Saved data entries
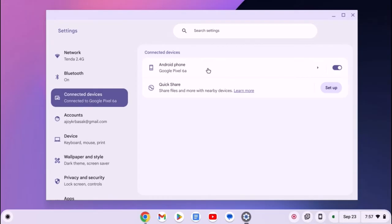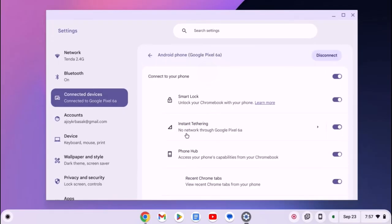I already have a video on it, so I will provide the video link in the i button or the description box. After that, select the option and here you will find the internet tethering option.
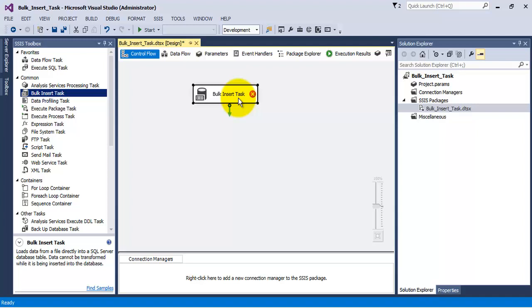Generally bulk insert task is used while loading bulk data into a staging environment. In the staging environment we can do further data profiling or whatever cleaning of data is required, and then we can finally load the data in production tables.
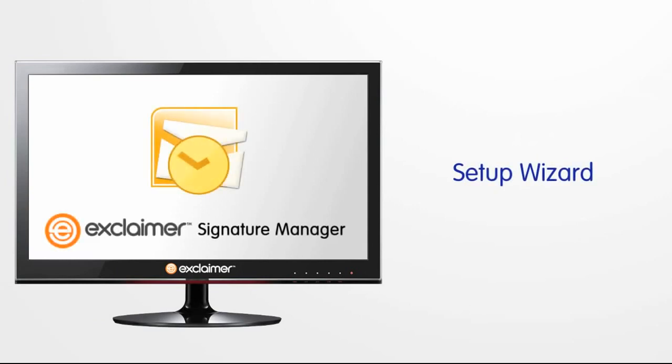Exclaimer Signature Manager includes a simple step-by-step process that will guide you through the creation of your first signature policy.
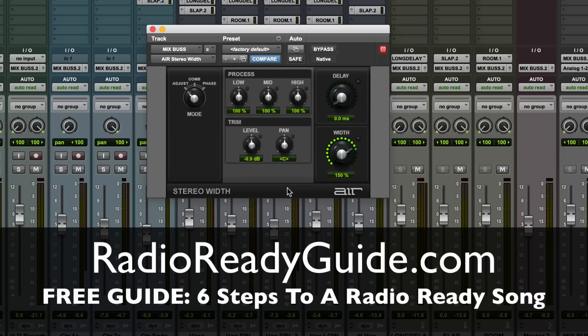Again, download it for free at radioreadyguide.com. As always, thanks for watching. Thanks for subscribing to the channel. Thanks for liking the videos. It means a ton. I'll see you on another video real soon.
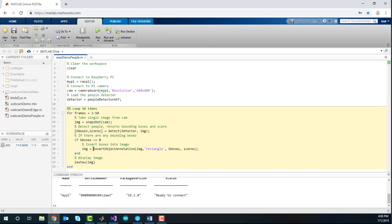Now, you can insert these results into the image using Insert Object Annotation, and then use ImShow to display the image to the screen.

**To do**.
Line by line, print the records exactly, leaving the pictures behind.

**Solution below**.
I already have a video on it, so I will provide the video link in the i button or the description box. After that, select the option and here you will find the internet tethering option.
Generally bulk insert task is used while loading bulk data into a staging environment. In the staging environment we can do further data profiling or whatever cleaning of data is required, and then we can finally load the data in production tables.
Exclaimer Signature Manager includes a simple step-by-step process that will guide you through the creation of your first signature policy.
Again, download it for free at radioreadyguide.com. As always, thanks for watching. Thanks for subscribing to the channel. Thanks for liking the videos. It means a ton. I'll see you on another video real soon.
Now, you can insert these results into the image using Insert Object Annotation, and then use ImShow to display the image to the screen.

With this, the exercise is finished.